When I began my masters academic training, our clinical professors were quite good at pounding into our heads the critical importance of standardized psychometric assessment instruments (i.e., the MMPI-II, the WAIS-III). In the required clinical assessment class the standardized test was the rule. We were to use these tools as a method of hypothesis creation and/or hypothesis testing (in that we are adding quantitative measures to hunches brought out by the referral source or the pre-test interview). It is however interesting to me how our clinical assessment courses spent no time on teaching us the "clinical assessment interview."

The clinical assessment interview is a comprehensive history taking that tends to precede formal psychometric testing (it of course can be used as a comprehensive intake irregardless of whether or not other testing occurs). The histories I take tend to create a "readers digest" version of an individuals life; including, but not limited to, chapters on the clients clinical presentation, the individuals current social environment, examinations of home, school and social environments of early childhood, adolescence, early academic, late academic, the individuals relationships, employment, substance usage, trauma history, and future goals. A history tends to take me an hour to complete, though I could take significantly longer if I so desired. When all is said in done the history tends to fill up at least one third of my psychological report.
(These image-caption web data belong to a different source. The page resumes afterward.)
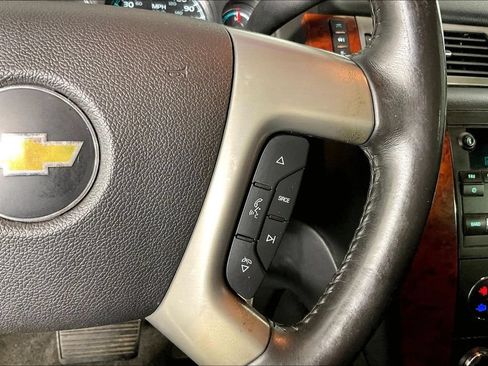 Used 2014 Chevrolet Suburban LT RWD image 24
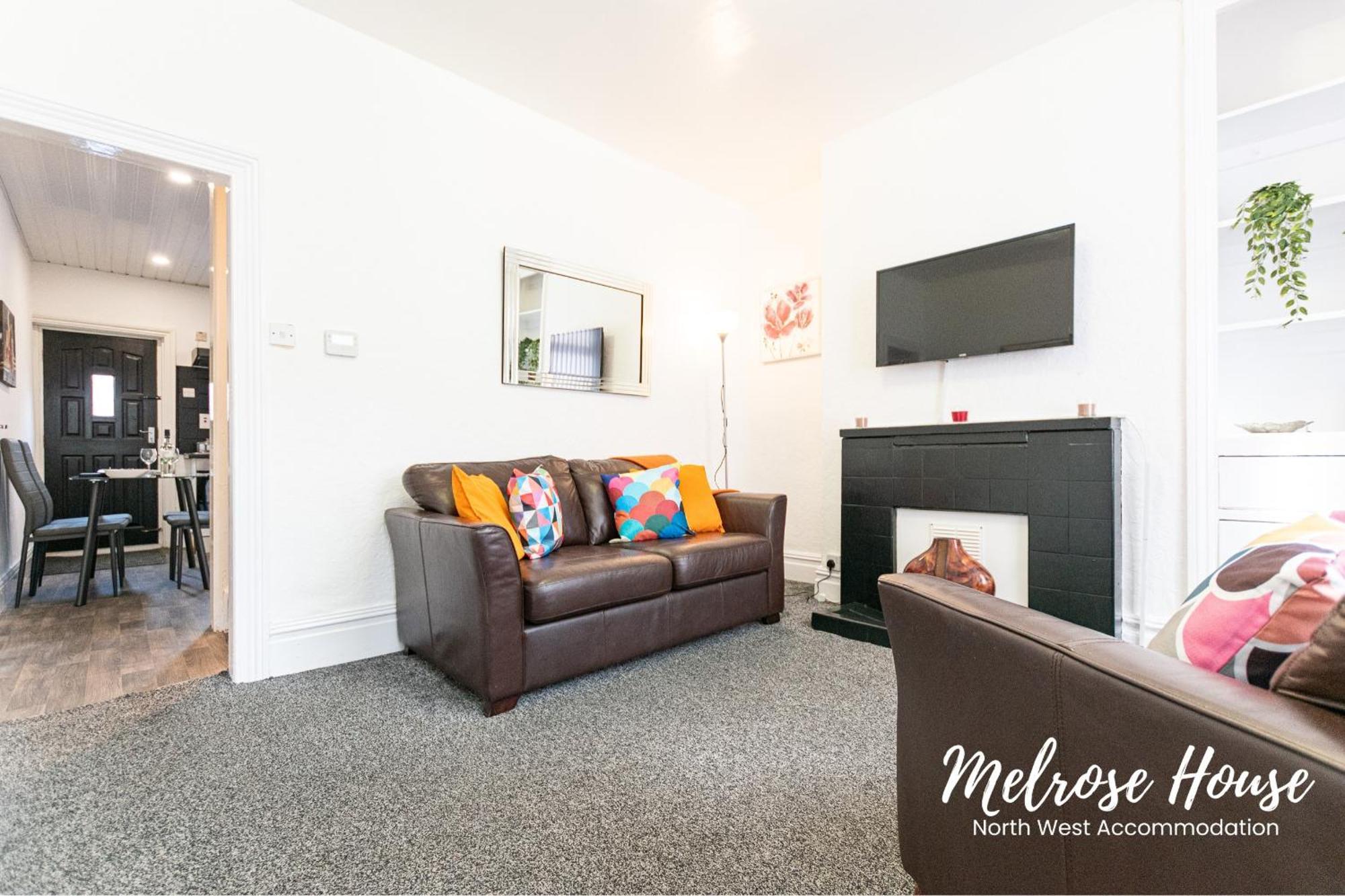 Manchester Work Stays 2Br Home With Parking & Wifi エクステリア 写真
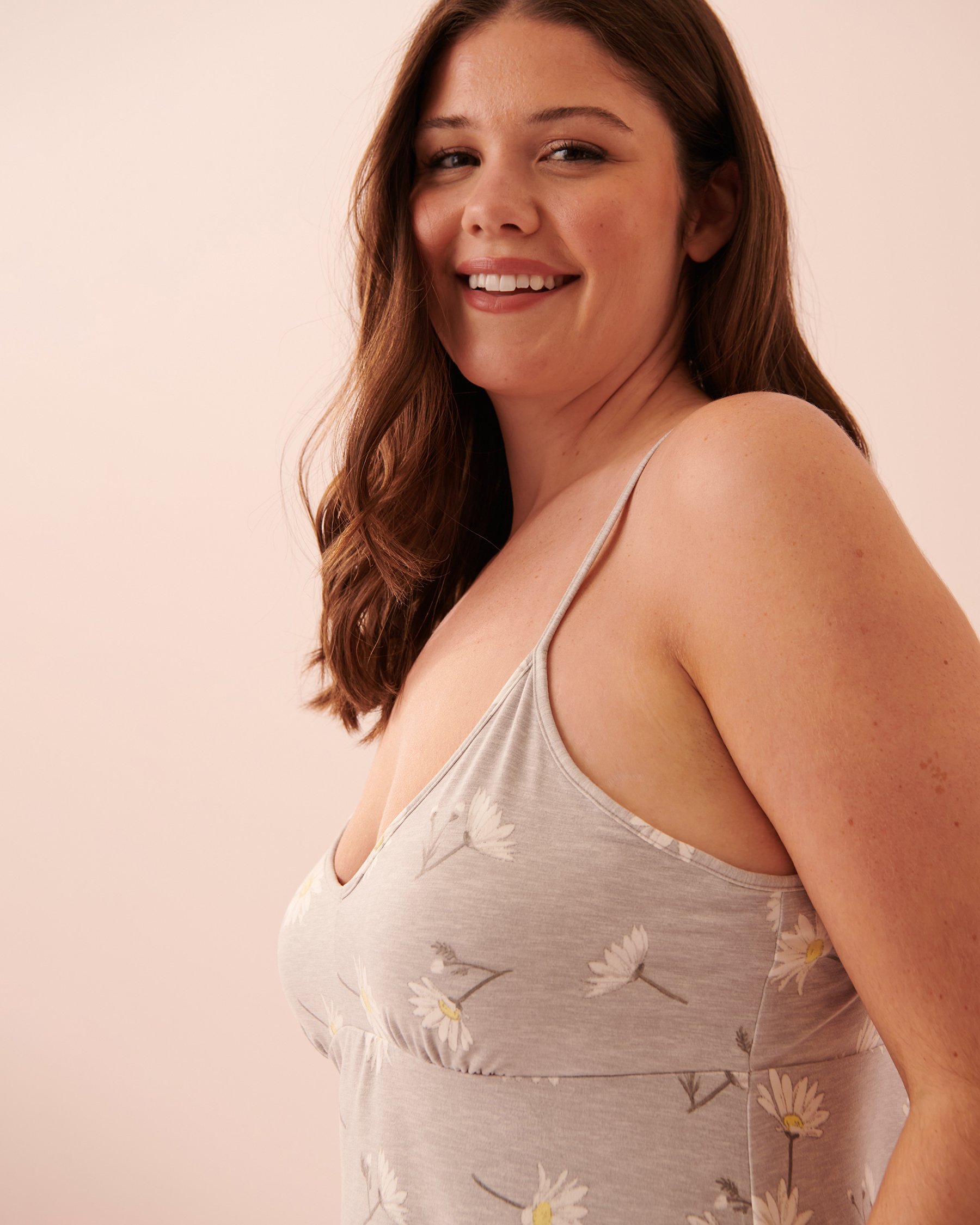 LA VIE EN ROSE Super Soft Thin Straps Nightie Marguerite 40500271 - View3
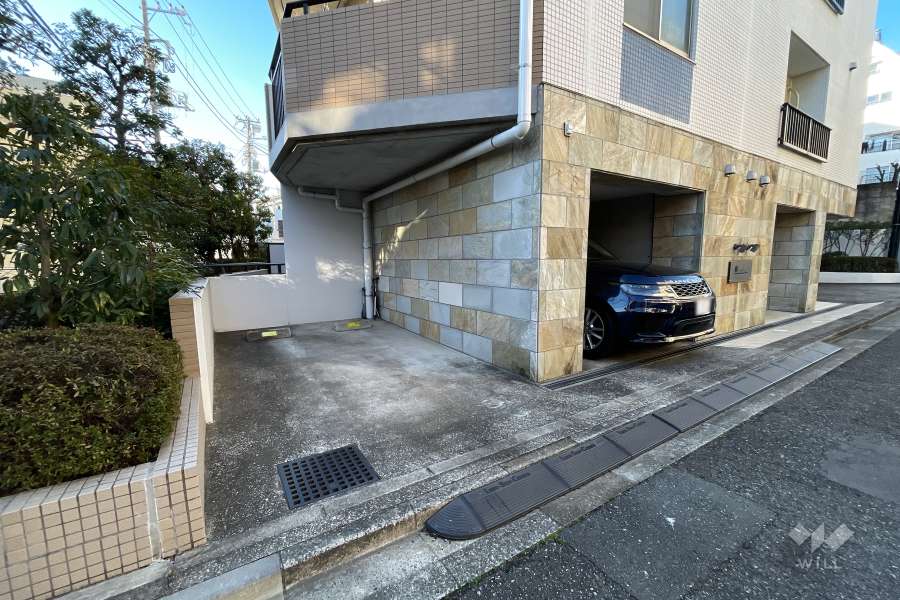 敷地内駐車場（屋外平面式・屋内平面式）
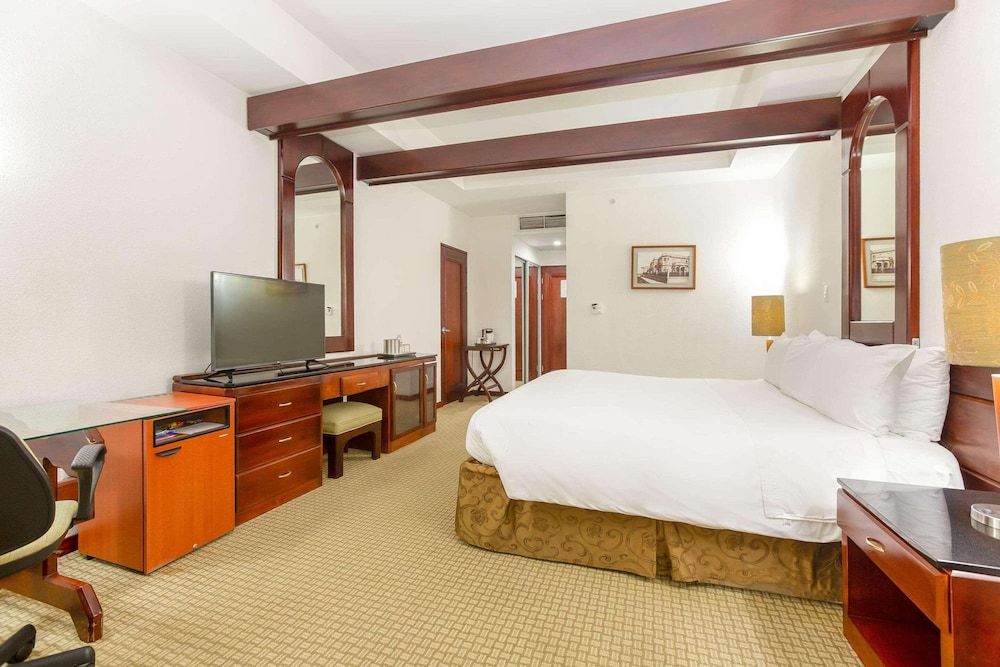 Radisson San Jose-Costa Rica Standard Room, 1 King Bed, Non Smoking (Safe) 3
Since the clinical assessment interview contributes so much (and it does seriously allow you to know the individual better then any other assessment) one would expect our clinical assessment classes would have had a good foundation in this area. In reality we received none. Perhaps they expected our clinical interviewing class to provide it? That would make sense. Unfortunately, that was not the case. Clinical interviewing provided us with a good foundation on how to structure situations and build repoir. How did it teach intakes? We learned the structured clinical interview for the DSM-IV (SCID), an interesting diagnostic tool in a structured interview format.

When you need to label an individual he SCID is nice. Unfortunately structured interviews leave numerous areas of potentially important information ignored. If you do not ask the right questions you will not get the answers.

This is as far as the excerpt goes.